Why the Giant Object Disappears

The full derivative of C with respect to A can be imagined as:

dC_dA[i, j, p, q]

Most entries are zero. C[i, j] depends on A[p, q] only when p = i; when that holds, the local factor is B[q, j]. The pullback form composes this sparse relation with G[i, j] immediately:

dA[p, q] = sum[i, j](G[i, j] * dC_dA[i, j, p, q])

After applying the equality p = i, the unnecessary coordinate disappears:

dA[p, q] = sum[j](G[p, j] * B[q, j])

This is exactly the earlier rule with names changed back to [i, k]. The indexed notation lets the reader see why the dense Jacobian would be wasteful and why the pullback has the smaller shape. It is not a shortcut that loses meaning. It is coordinate accounting that removes zeros before they become an implementation burden.

The same accounting explains batching. If a batch prefix is present:

let C[b, i, j] = sum[k](A[b, i, k] * B[b, k, j])

then the pullbacks keep b rather than summing it:

dA[b, i, k] = sum[j](G[b, i, j] * B[b, k, j])
dB[b, k, j] = sum[i](G[b, i, j] * A[b, i, k])

Batch identifies independent matrix products. It is not a contraction coordinate.
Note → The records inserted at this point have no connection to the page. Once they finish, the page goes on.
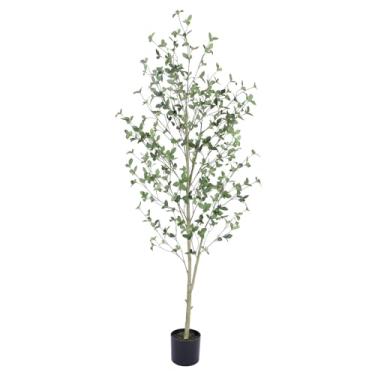 Imagem de Bellacat Árvore de folha de marmeleiro artificial de 1,8 m com troncos realistas, árvore de folha de marmeleiro falsa de 183 cm com folhas realistas para jardim, casa, decoração de sala de estar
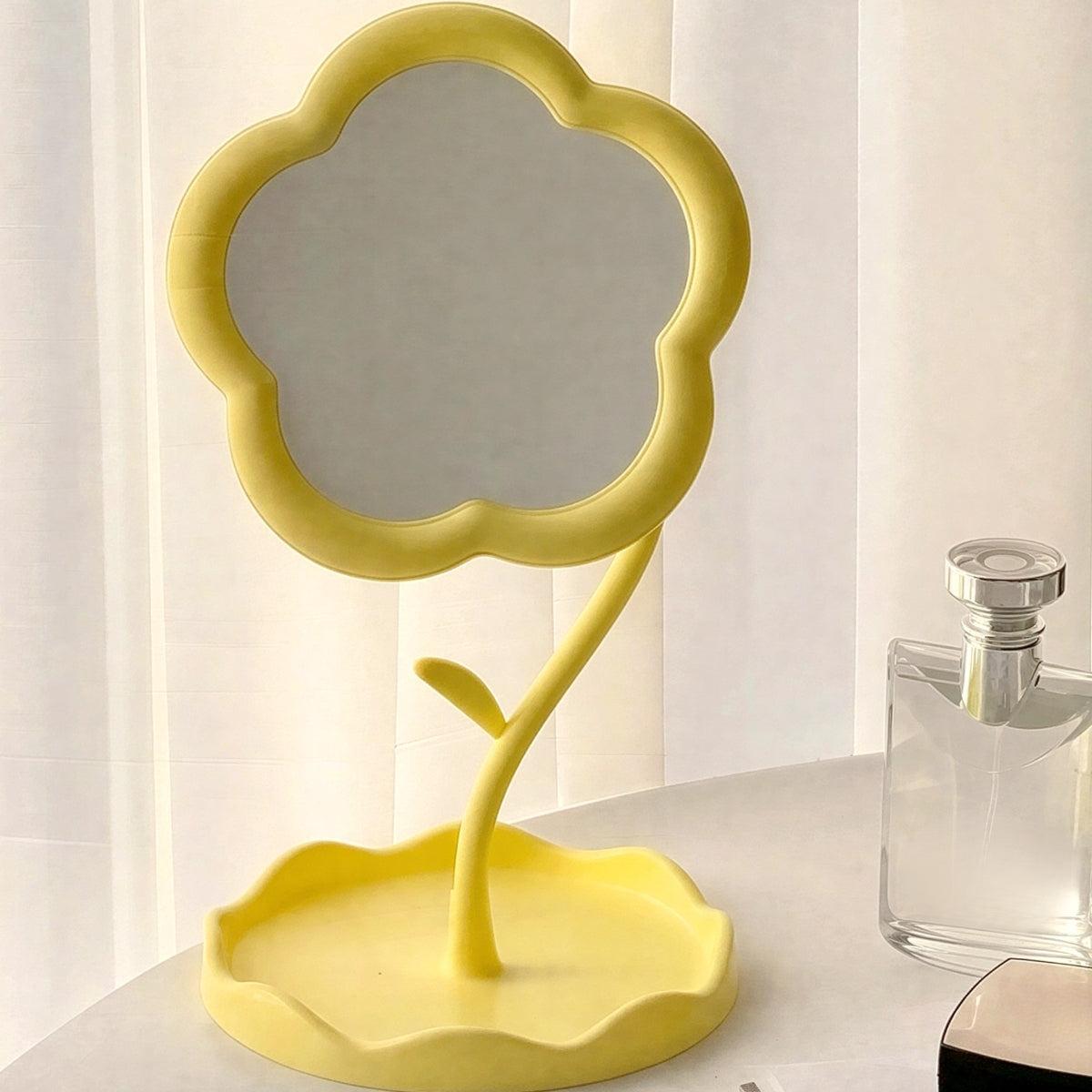 Flower Styled Tabletop Vanity Mirror For Makeup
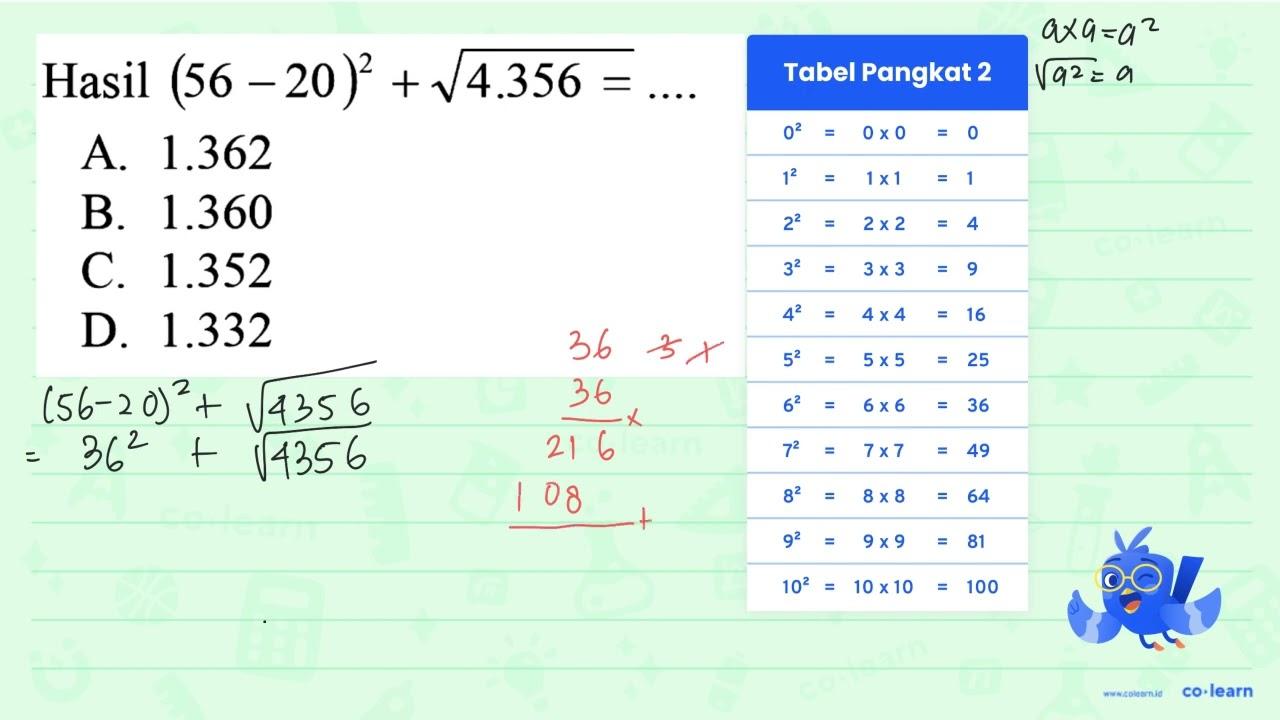 Hasil (56 - 20)^2 + akar(4.356)= ...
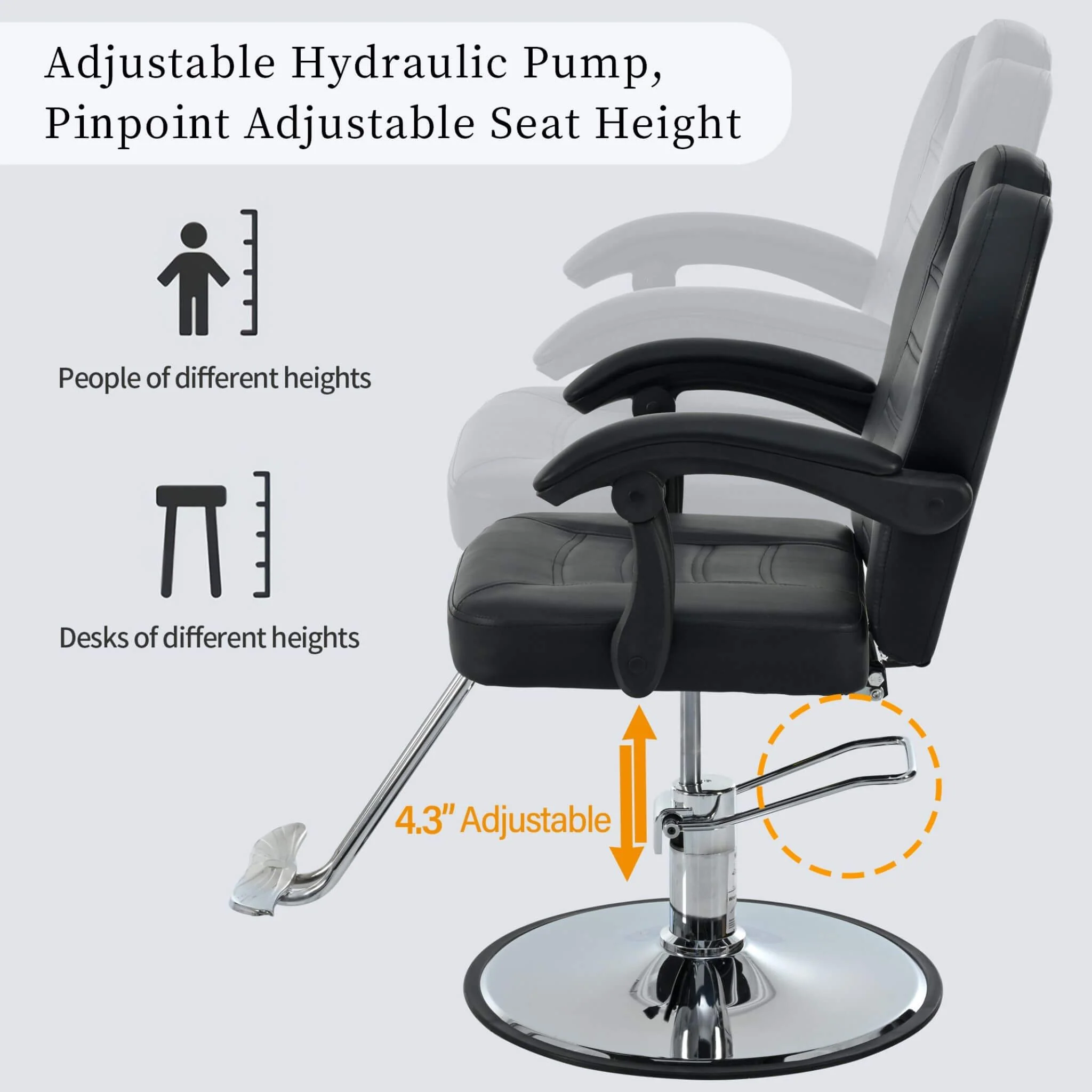 Modern Reclining Barber Chair With Adjustable Headrest And Hydraulic Pump (SAK62751) - Image 5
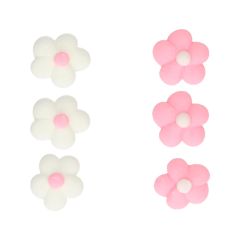 Flores de azúcar pequeñas blancas y rosas (64) - Funcakes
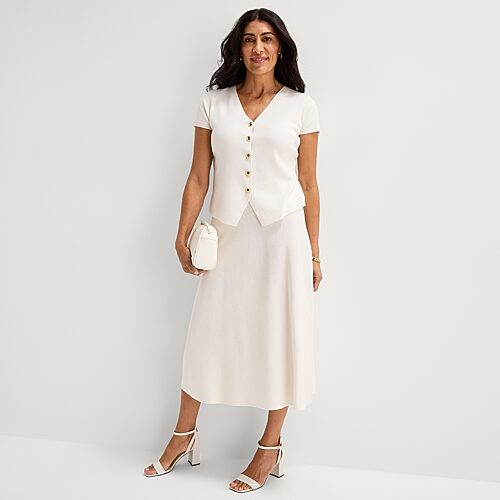 Liz Claiborne Womens High Rise Midi Sweater Flared Skirt In White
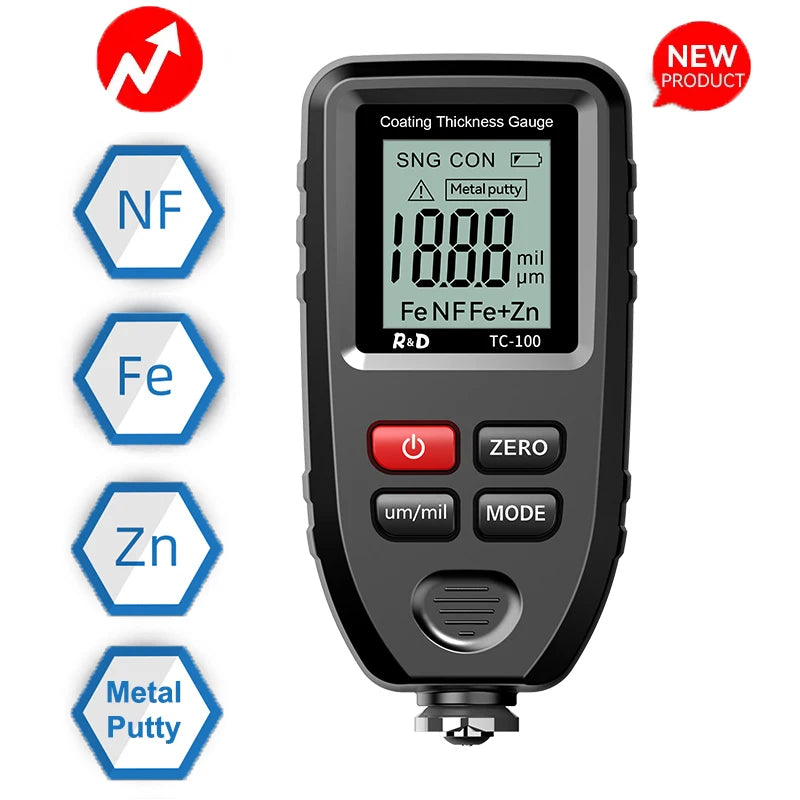 R&D TC100 Car Paint Film Thickness Tester 0.1 Micron Precision Measurement 0-1300 Scale FE/NFE Coating Thickness Gauge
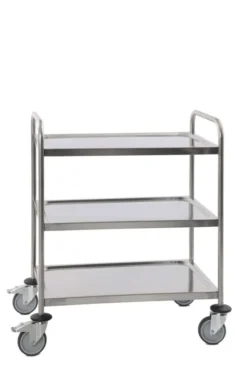 Chariot Inox soudé 3 Plateaux 880x580xH1015mm - Matériel CHR Pro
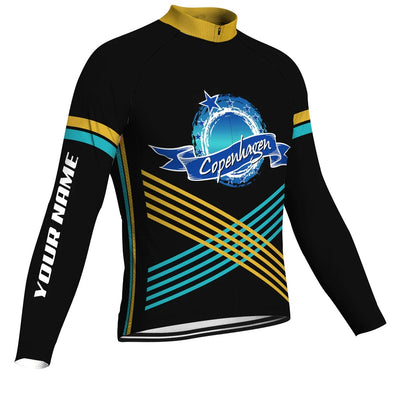 Customized Copenhagen Men's Winter Thermal Fleece Cycling Jersey Long Sleeve
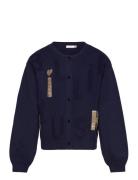 Knitted Cardigan Tops Knitwear Cardigans Navy Billieblush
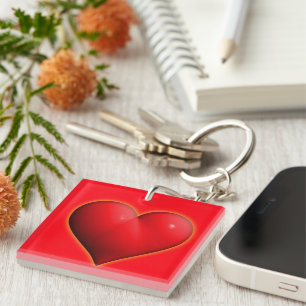 Porte-clefs Coeur rouge 3-D brillant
If a gradient formula sums over b here, it has changed the meaning from per-example sensitivity to a shared-parameter accumulation.

That accumulation may be correct for shared parameters in a training loss, but it should be an explicit consequence of the surrounding loss reduction, not an accidental property of the matmul pullback itself.